Matt Robinson 3 months ago 49

Lamborghini Has Defended Its Performante Nurburgring Lap Time With Data

Speaking to Roadshow in Geneva, Lamborghini's R&D head has sought to dispel claims of fakery

Remind me later

Mere hours after Lamborghini bagged the production car lap record at the Nurburgring via a stunning run in its new Huracan Performante, claims of foul play arose.

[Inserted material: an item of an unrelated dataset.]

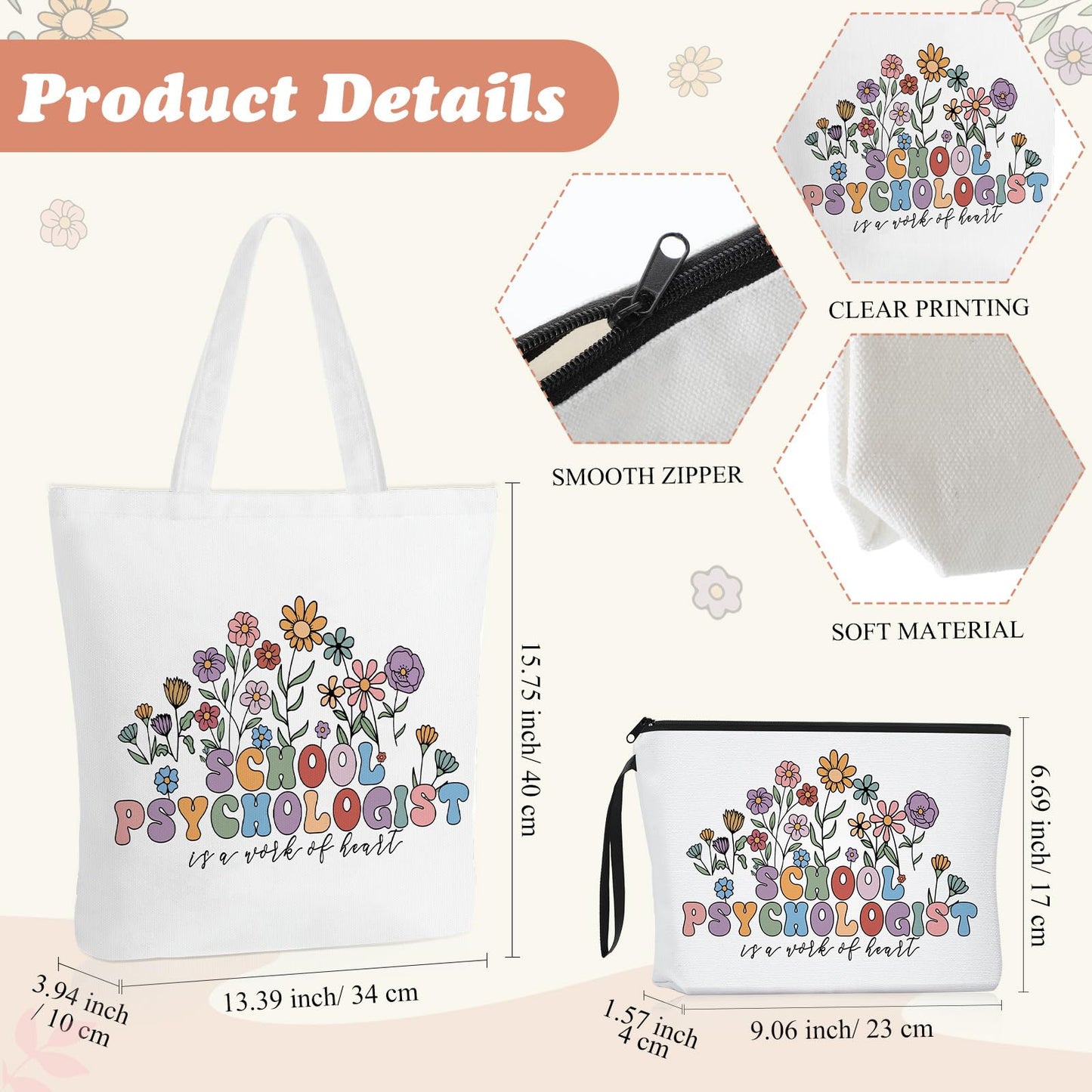 Sweetude 4 Pcs School Psychologist Gift Sets Includes Canvas Tote Bag, Heart Bracelet with Wish Card, Makeup Bag and Keychain Psychology Therapist Appreciation Gifts for Women Teachers Educators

You can see why: manufacturers have been known to lay claim to records and amazing lap times through dubious means. Some have added up sector times to get an overall figure. Nissan infamously used a host of modifications to help the Nismo GT-R on to its 7min 8sec lap, belatedly overing them as a kit for existing owners. And Lamborghini? It found various bloggers and vloggers pointing out that the speedometer figures at many points of the lap were not just slower than the Porsche 918 Spyder, but also slower than the Aventador SV during its 6min 59sec run a couple of years ago.

Lamborghini has now responded. At the Geneva Motor Show this week Roadshow were shown the full Vbox GPS log of the lap, displaying its legitimacy and ruling out any theories of adding up sector times. Maurizio Reggiani - Lamborghini’s Director of Research and Development - said that the Huracan’s speedometer is fed from GPS information rather than wheel speed, giving inconsistent results. Furthermore, he explained that the Performante makes up for its lower top speed relative to the Aventador SV through better acceleration and an ability to carry more speed out of corners.

Another claim was that the Performante was running slicks, arising from the lack of tyre squeal in the lap video. Reggiani re-iterated what Pirelli has already said - the Performante ran a set of Trofeo Rs bespoke to the hot Huracan, which will be available to buyers as an option.

Rumours of fakery will die down but no doubt rumble away in the background whatever Lamborghini says. More to the point, this whole saga demonstrates the issue with car manufacturers and Nurburgring lap times. Without an independent body to oversee the process and verify times, the concept is flawed. And anyway, despite all the attention we give ‘Ring times, do they really matter? Do they ever make you want a car more than you already do?